> [ABOUT THIS TASK]
Nothing but an exact copy is asked for: the lines in the material below from the one with "Верхогони (Long Shot: The" through the one with "Confident patient considering", pictures excluded.
##############################
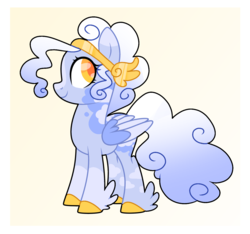 Size: 1340x1256 | Tagged: safe, artist:unicorn-mutual, oc, oc only, pegasus, pony, female, mare, solo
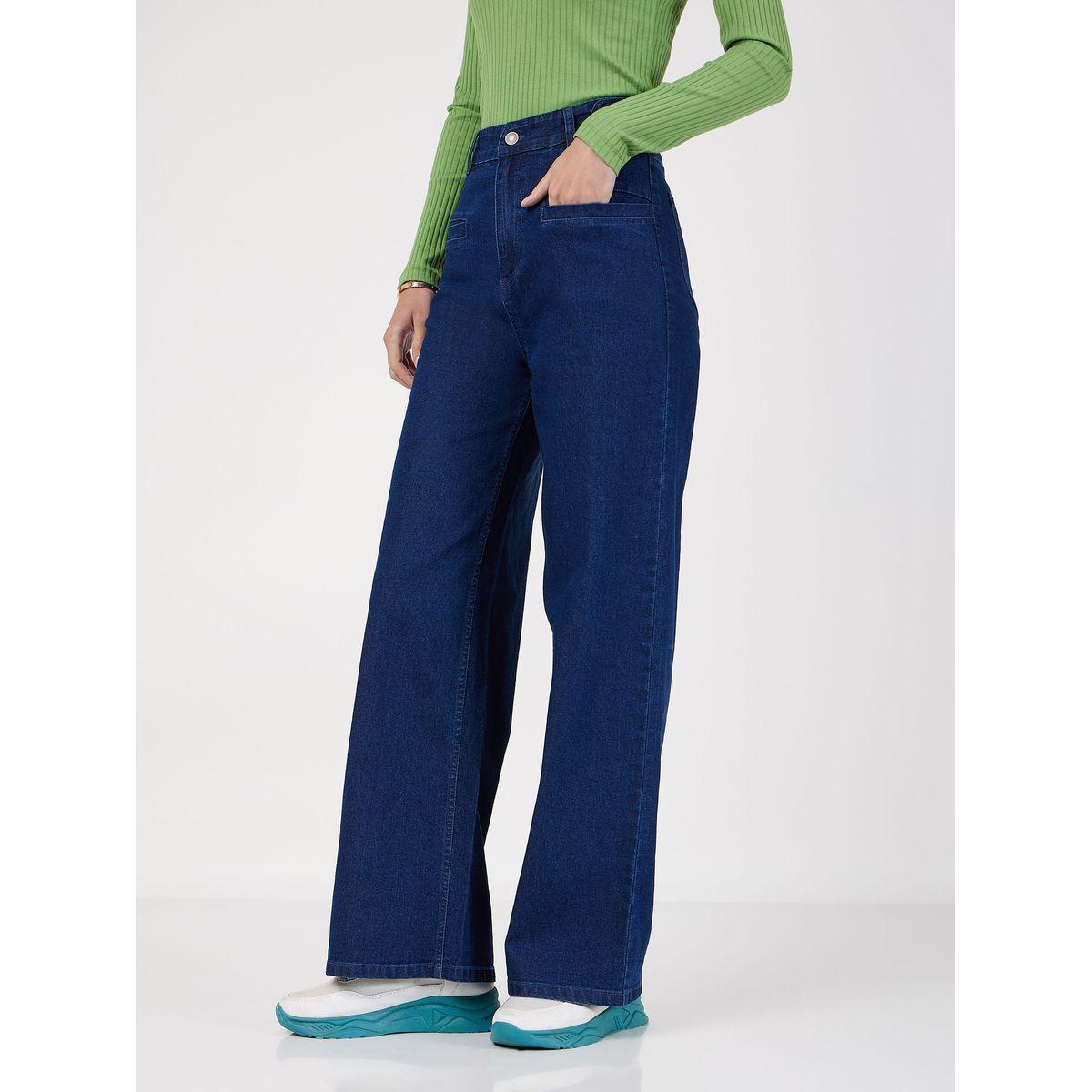 High Rise Straight Fit Jeans with Slip Pocket-women-clothing-bottoms-jeans-image-3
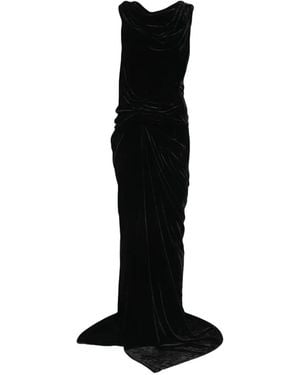 Rick Owens Strutter Dress - Black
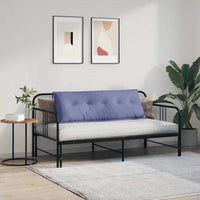 Cuscino per Schiena Blu jeans 140 x 19 x 50 cm Tessuto 42014844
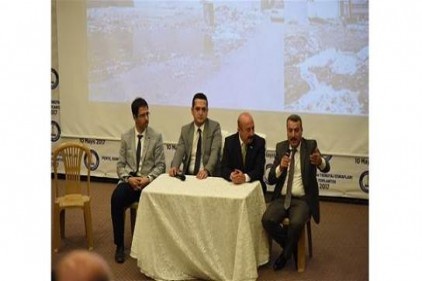 Esnafa geri dönüşümün önemi anlatıldı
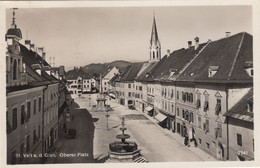 C628) ST. VEIT A. D. GLANZ - Oberre Platz - ALT ! 1932 - St. Veit An Der Glan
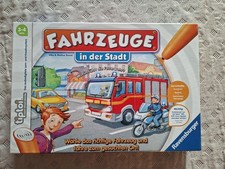 Ravensburger tiptoi Spielwelt Fahrzeuge in der Stadt Top Zustand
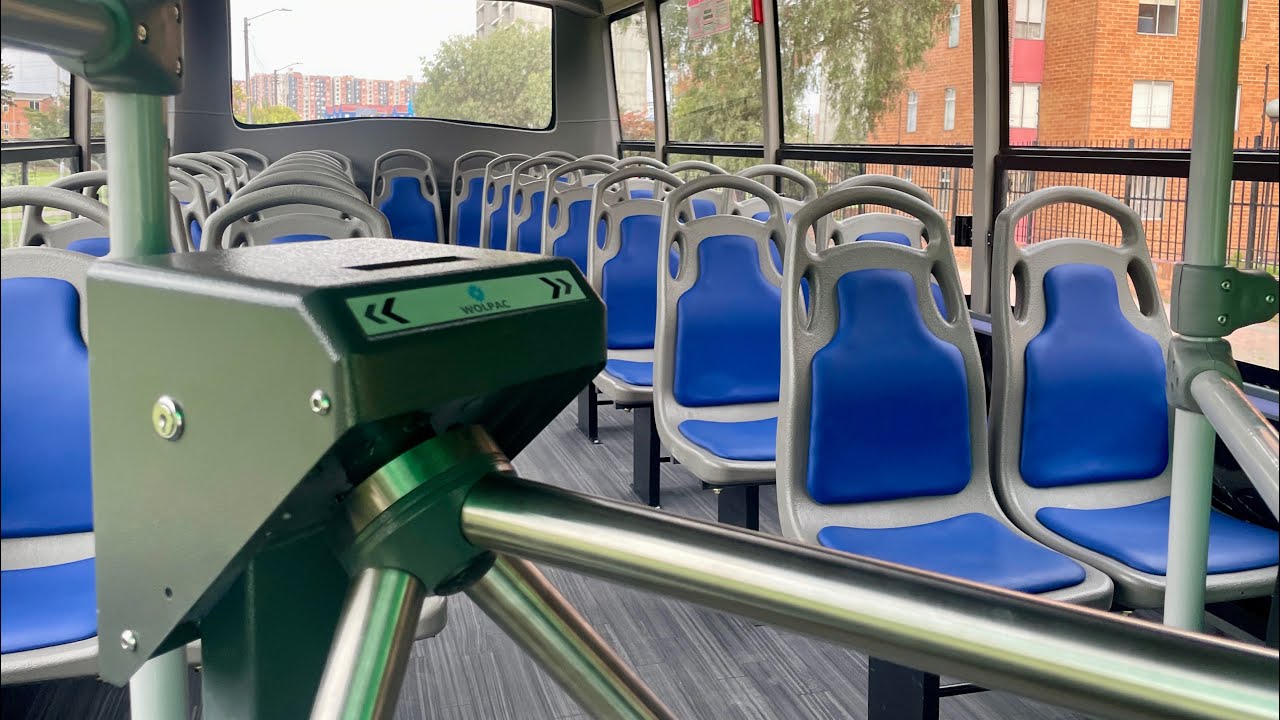 Así es el Nuevo Bus CAMARO con Acceso Biométrico para Conjunto Residencial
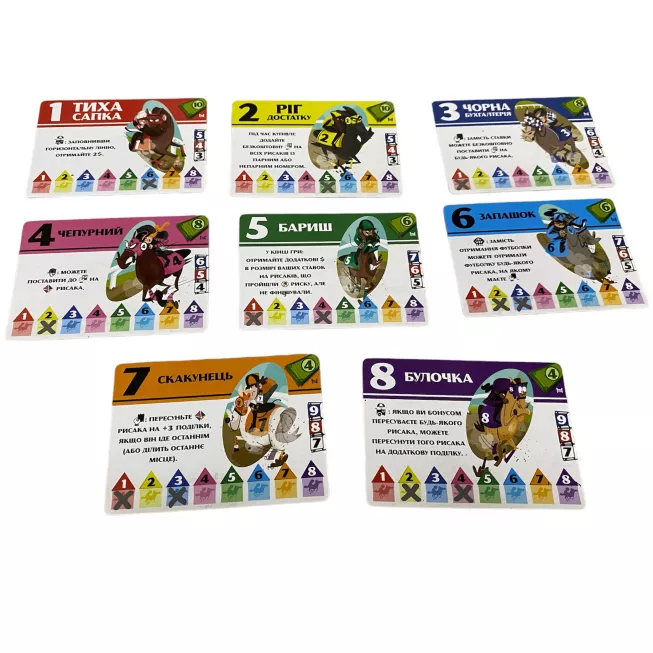 Верхогони (Long Shot: The Dice Game): купити за кращою ціною в Україні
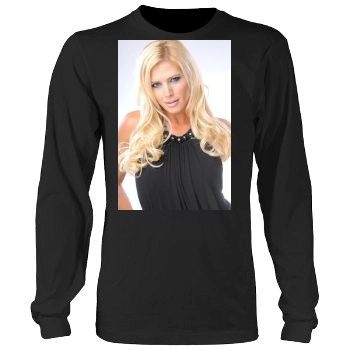 Torrie Wilson Men's Heavy Long Sleeve TShirt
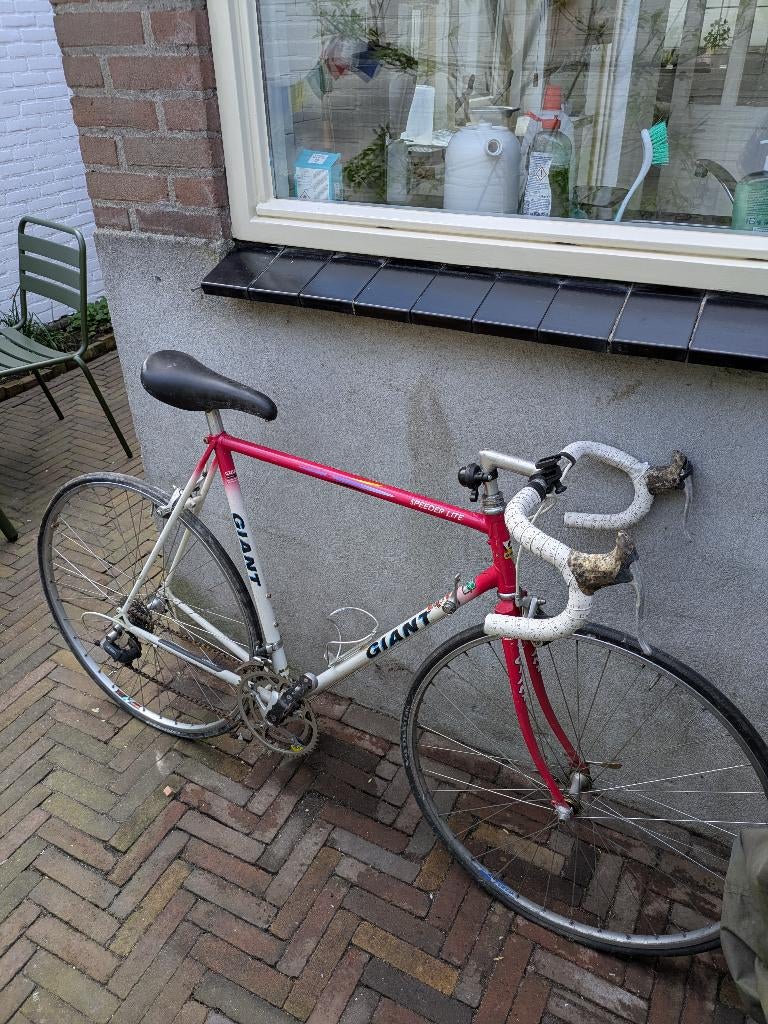 Giant vintage wielrenfiets, Ophalen, Minder dan 10 versnellingen, Gebruikt, Aluminium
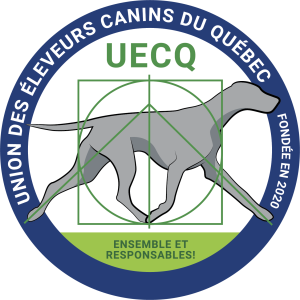 Logo de l’Union des Éleveurs Canins du Québec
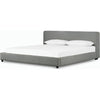 Heavy Pebble Pewter, Black / King
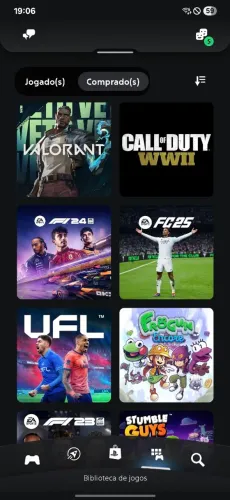 Conta da Playstation story com 18 jogos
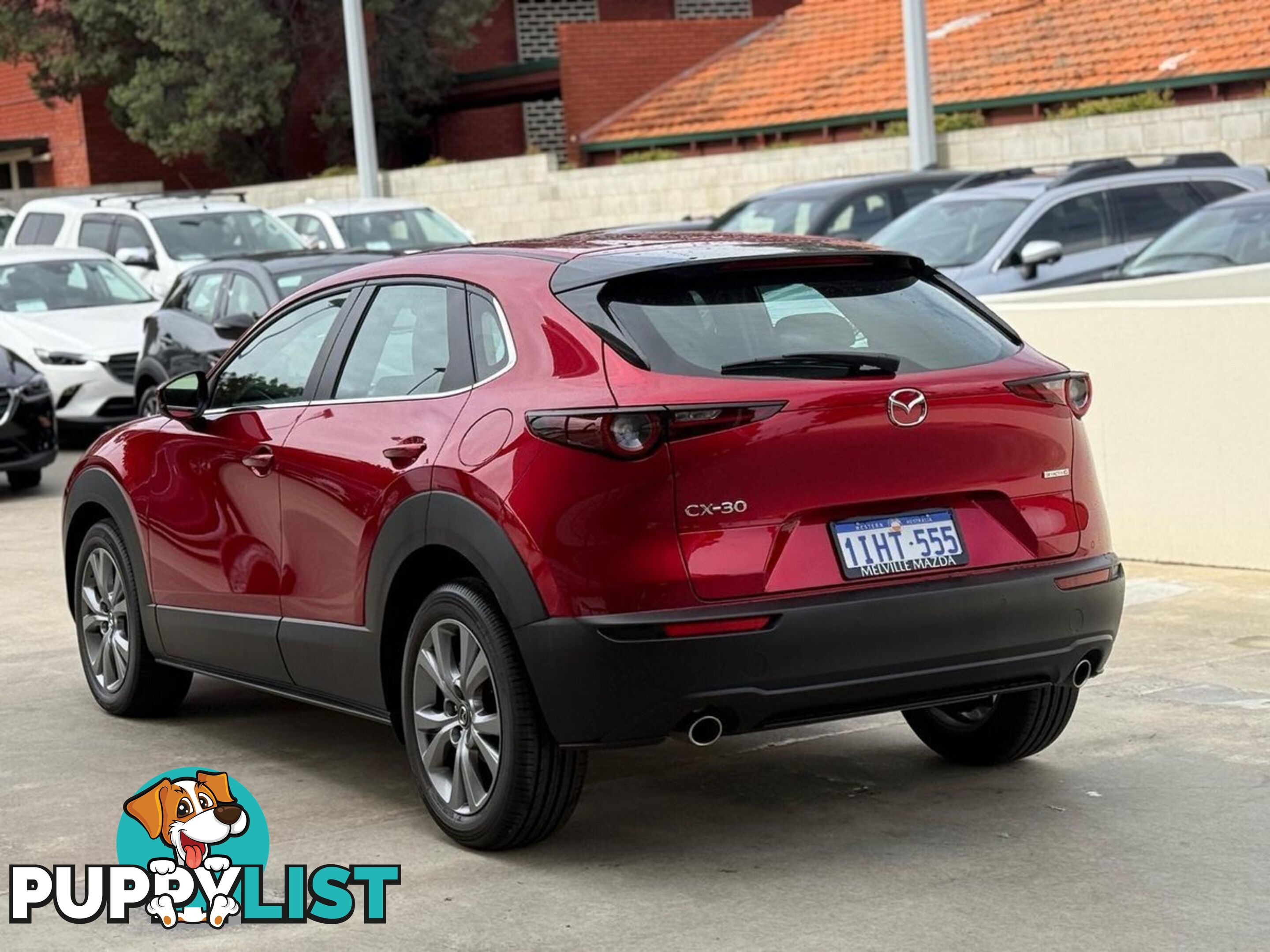 2024 MAZDA CX-30 G20-EVOLVE DM-SERIES SUV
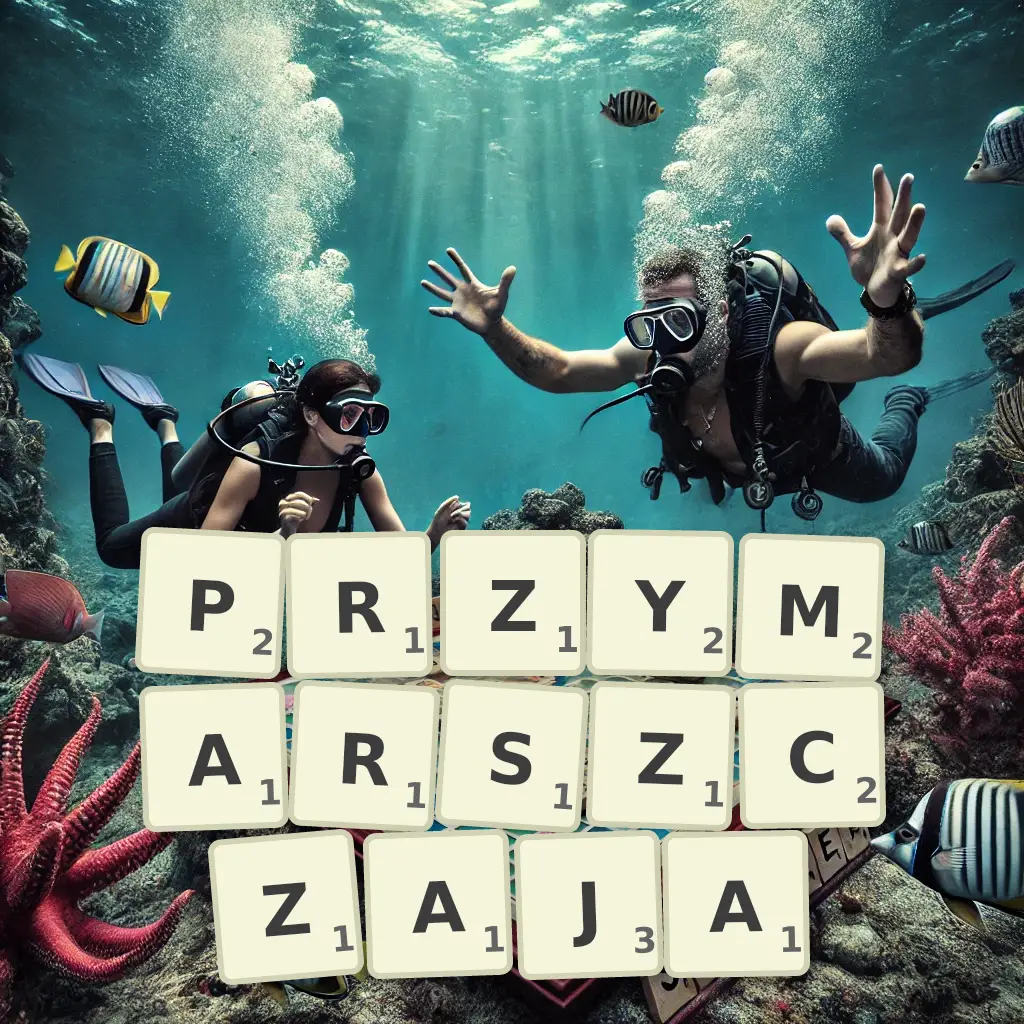 Lista słów z liter PRZYMARSZCZAJĄ Słowa z liter PRZYMARSZCZAJĄ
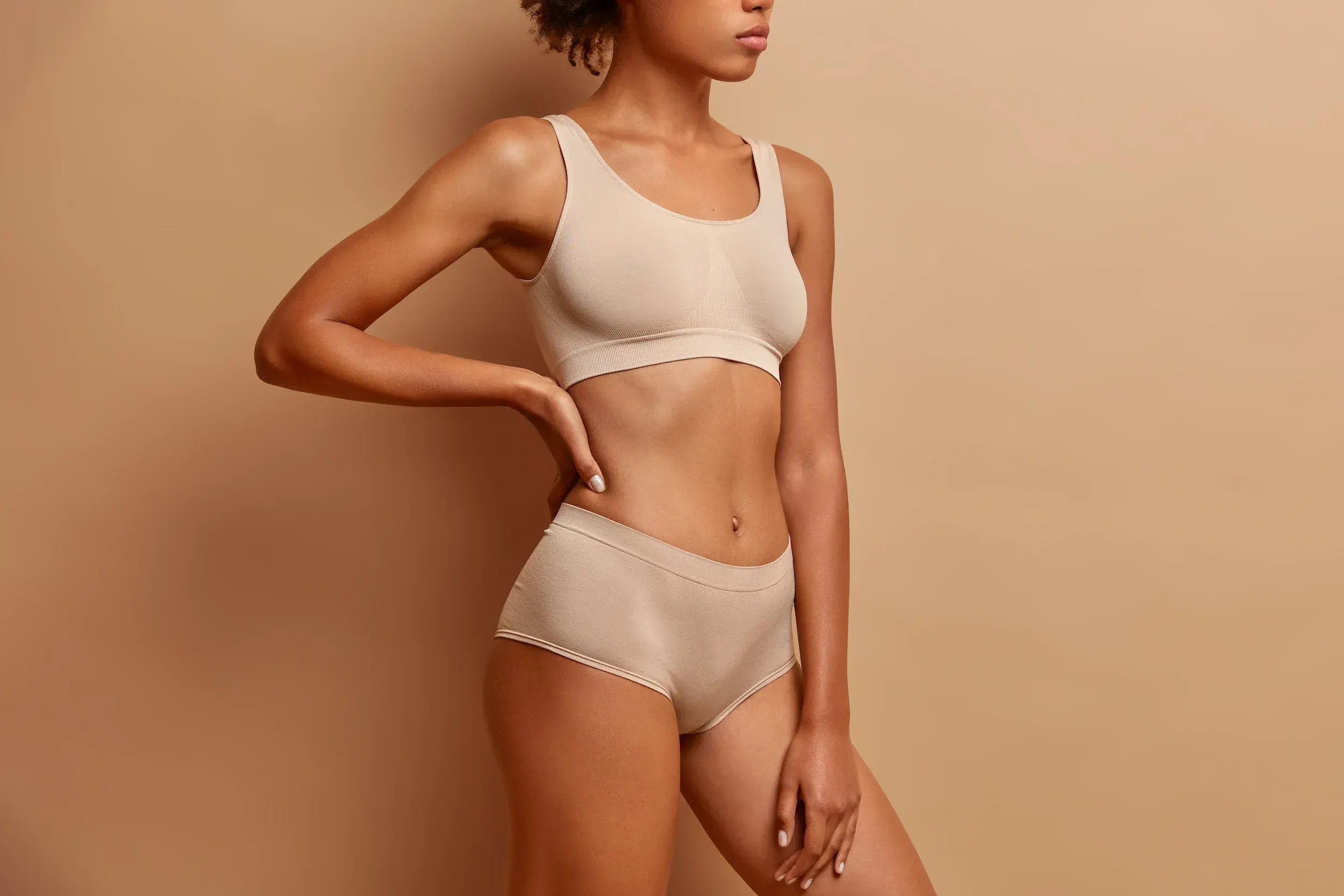 Confident patient considering Emsella pelvic floor therapy in Augusta, GA
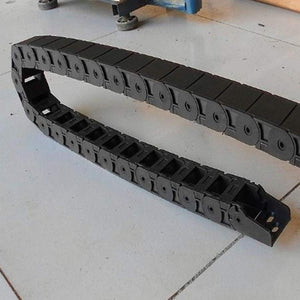 UKCOCO 15 x 30mm Plastica Towline Cable Wire Carrier flessibile nidificato... - Ilgrandebazar
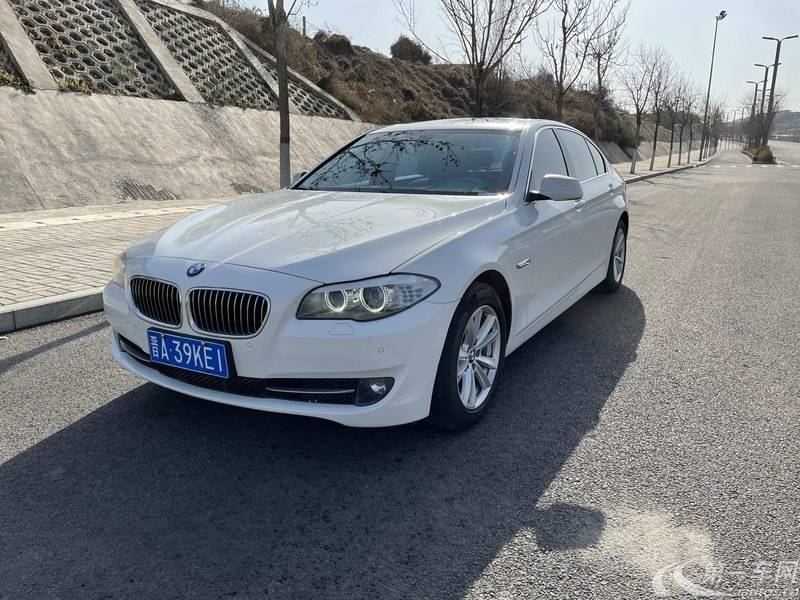 宝马5系 525Li 2013款 2.0T 自动 汽油 豪华型 (国Ⅳ) 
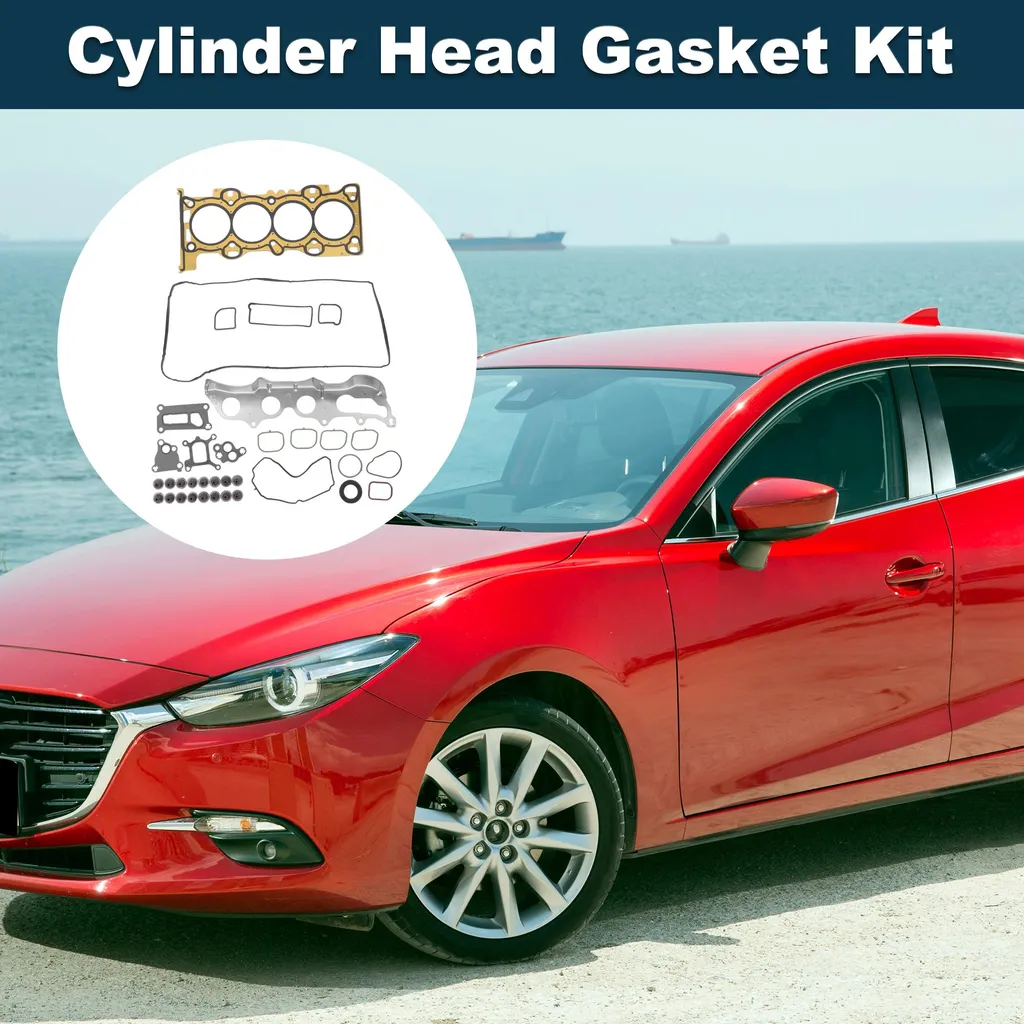 Kit Réparation Culasse Mazda L5-VE - Joints de Soupape et Étanchéité Gaz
##############################
> [TASK RESPONSE]
 Верхогони (Long Shot: The Dice Game): купити за кращою ціною в Україні
 Torrie Wilson Men's Heavy Long Sleeve TShirt
 Giant vintage wielrenfiets, Ophalen, Minder dan 10 versnellingen, Gebruikt, Aluminium
 Logo de l’Union des Éleveurs Canins du Québec
 Heavy Pebble Pewter, Black / King
 Conta da Playstation story com 18 jogos
 2024 MAZDA CX-30 G20-EVOLVE DM-SERIES SUV
 Lista słów z liter PRZYMARSZCZAJĄ Słowa z liter PRZYMARSZCZAJĄ
 Confident patient considering Emsella pelvic floor therapy in Augusta, GA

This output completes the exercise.